Study objectives: To investigate the etiology of posthyperventilation (post-HV) hypoxemia following voluntary hyperventilation (VHV), we examined the effects of hypocapnic (hypo-CO2) and isocapnic (iso-CO2) VHV on the hypoxic ventilatory response (O2-response) and on the sensation of breathlessness during the O2-response.
Methods: O2-responses and visual analog scale (VAS) scores for estimating breathlessness in 10 normal subjects during the O2-response under iso-CO2 conditions and under hypo-CO2 conditions immediately following voluntary maximal HV of 3 min duration were examined.
Results: Although there was no significant difference in the post-HV ventilation levels following hypo-CO2 vs iso-CO2 VHV, the VAS scores at the start of the O2-response following hypo-CO2 VHV (30.2±24.2 mm) were significantly higher (p<0.05) than the VAS scores at the start of the O2-response following iso-CO2 VHV (13.7±8.4 mm).
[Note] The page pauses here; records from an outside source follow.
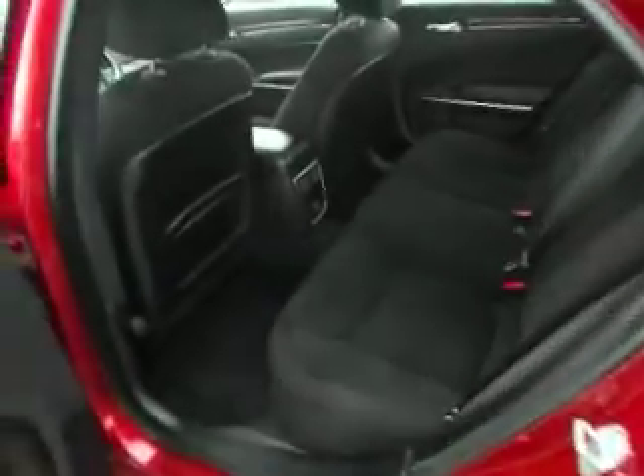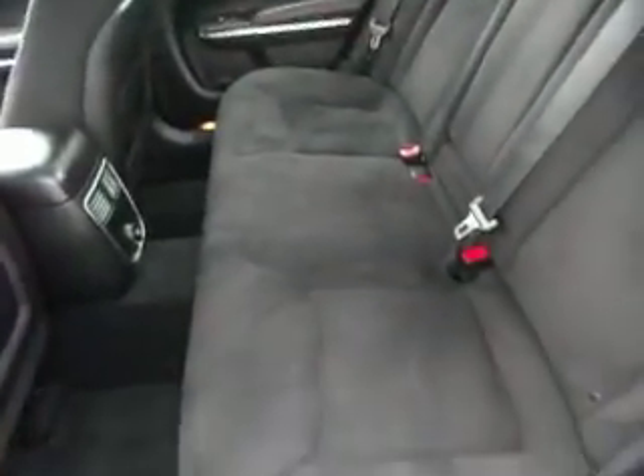Let's open this rear seating. Again, clean interior. It does have fold down seats.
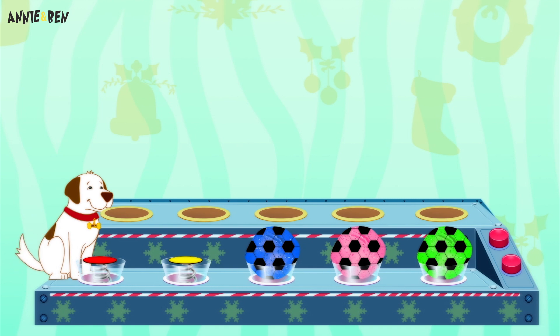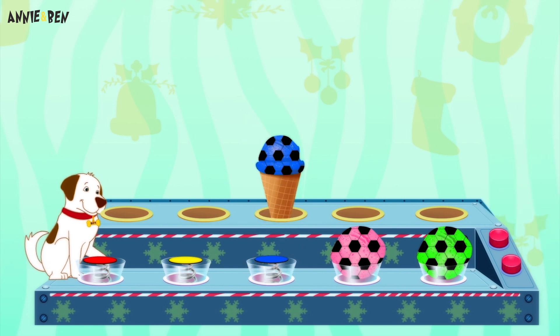Ooh, my favourite! Again! Yes, go mango! In the cone!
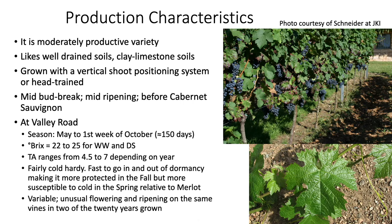It's a moderately productive variety that likes well-drained soils and does well on clay limestone soils. It is grown usually in a vertical shoot positioning system, but can also be head-trained. It has a mid-bud break in the spring and mid-ripening in the fall, and it is earlier than Cabernet Sauvignon in both bud break and ripening.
However, VHV did not have a significant effect on the O2-response at 2 min after the VHV when the arterial O2 saturation (SaO2) was below 90%. The nonsteady-state hypo-CO2 induced by VHV greatly attenuated the O2-response below 90% SaO2 and VAS scores at 70% SaO2.
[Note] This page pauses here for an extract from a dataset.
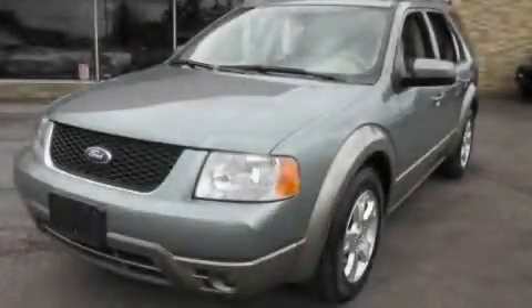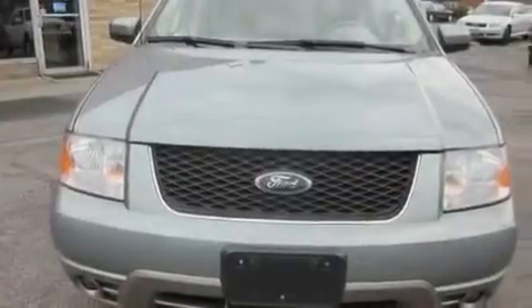This is a 2007 Ford Freestyle — functional utility for a modern lifestyle. It has a six-cylinder engine and an automatic transmission.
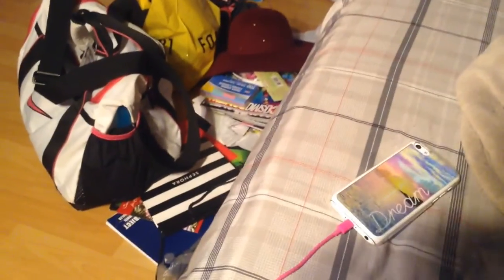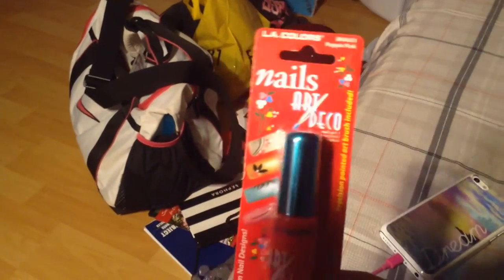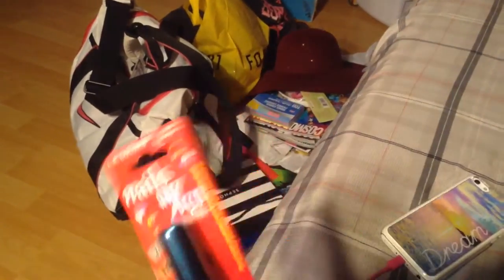The next thing I got was this pink LA Colors Art Deco. I'm collecting these, so this one is in Popping.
Conclusions: Elevated VAS scores immediately following the hypo-CO2 VHV, which might be independent of actual breathing levels, and the attenuation of the O2-response following the hypo-CO2 VHV were not due to input from lung and chest wall mechanoreceptors induced by the hyperpnea itself, but rather to the hypo-CO2 induced by hyperpnea.